------ The data ------
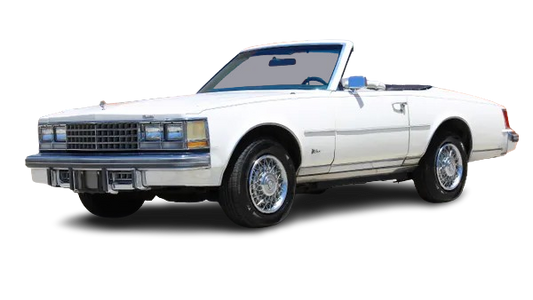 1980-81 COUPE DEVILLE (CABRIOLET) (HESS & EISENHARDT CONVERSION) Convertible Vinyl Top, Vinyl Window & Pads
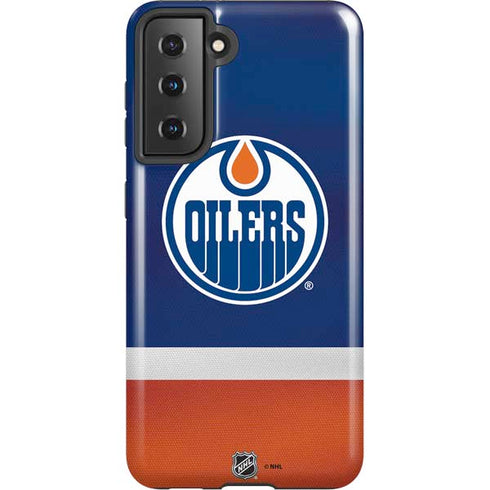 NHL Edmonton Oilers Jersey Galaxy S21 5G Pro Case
------
------ The data ------
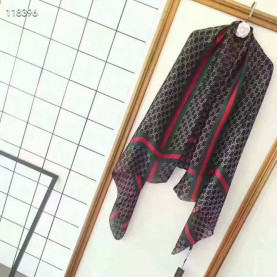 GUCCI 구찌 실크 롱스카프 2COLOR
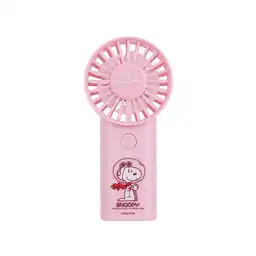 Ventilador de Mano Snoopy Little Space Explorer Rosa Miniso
------
**What the exercise asks:** Within the listing above, print exactly the stretch beginning at the line that contains "GUCCI 구찌 실크 롱스카프 2COLOR" and finishing at the line that contains "Ventilador de Mano", ends kept, pictures left out, and nothing more.

**Task solution:**
 GUCCI 구찌 실크 롱스카프 2COLOR
 Ventilador de Mano Snoopy Little Space Explorer Rosa Miniso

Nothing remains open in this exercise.